The package `ABDtools` builds upon [`rgee`](https://github.com/r-spatial/rgee),
which translates R code into Python code using `reticulate`, and allows us
to use the Google Earth Engine (GEE) Python client libraries from R! You can find extensive documentation
about `rgee` [here](https://github.com/r-spatial/rgee).

But first, we need to create a GEE account, install `rgee` (and dependencies)
and configure our Google Drive to upload and download data to and from GEE.
There are other ways of upload and download but we recommend Google Drive,
because it is free, simple and effective. Configuration is a bit of a process, but you
will have to do this only once. 

 - To create a GEE account, please follow these [instructions](https://earthengine.google.com/signup/).
 - To install `rgee`, follow these [instructions](https://github.com/r-spatial/rgee#installation).
 - To configure Google Drive, follow these [instructions](https://r-spatial.github.io/rgee/articles/rgee01.html).
 
We have nothing to do with the above steps, so if you get stuck along the way,
please search the web or contact the developers of these packages directly.

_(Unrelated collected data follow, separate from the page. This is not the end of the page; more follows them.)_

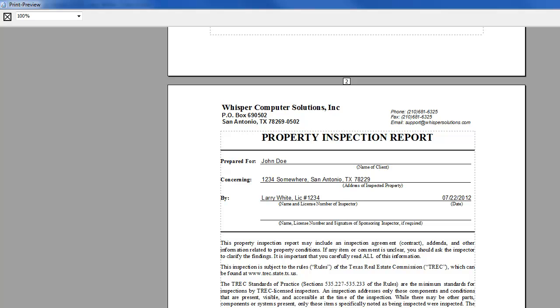Anytime you're entering a customer's name or an address or anything that's considered like the general report information, more than once, you are wasting your time. A computer program should be taking care of that for you.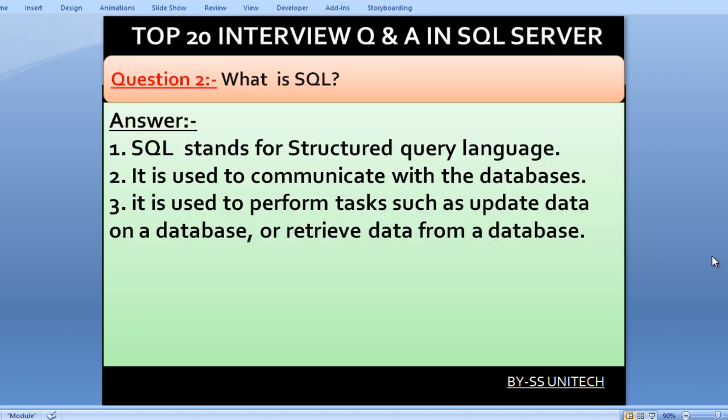What is SQL? SQL stands for Structured Query Language. It is used to communicate with databases. It is also used to perform tasks such as updating data on the database or retrieving data from the database.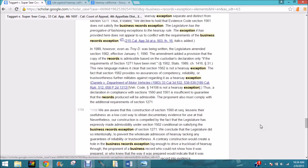So that's all for this one. This was a search to find the California business records exception — what it is, what a party has to show — and ideally a case where they didn't show everything. We finally found one, and you can do the same. Bye!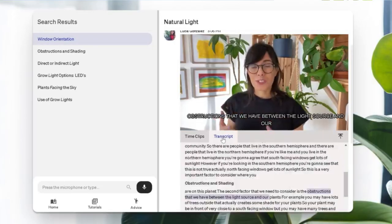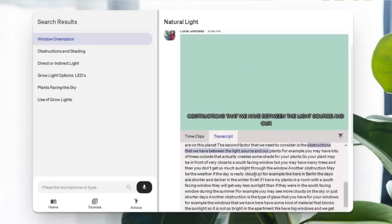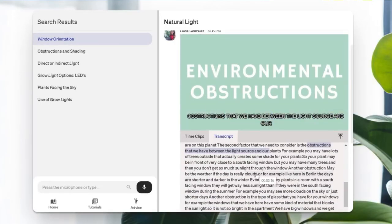And if you don't have time to watch the whole video, believe me, I understand — it is actually transcribed, so you can read the transcript at your own pace.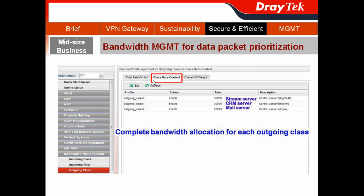Then I switch to the class rate control. It has three default classes with priority. For example, class 0 is the highest priority, class 1 is the higher priority, and class 2 is the low priority.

Well done if you managed that! With configuration out of the way, let's
see how to annotate some data. We've coded some wrappers around basic
functions from the `rgee` package to provide some **basic** functionality without
having to know almost anything about GEE. However, if you want more complicated
workflows, we totally recommend learning how to use GEE and `rgee` and exploit 
their enormous power.


### Initialize

Most image processing and handling of spatial features happens in GEE servers.
Therefore, there will be constant flow of information between our computer
(client) and GEE servers (server). This information flow happens through
Google Drive. So when we start our session we need to initialize a connection
with GEE and Google Drive.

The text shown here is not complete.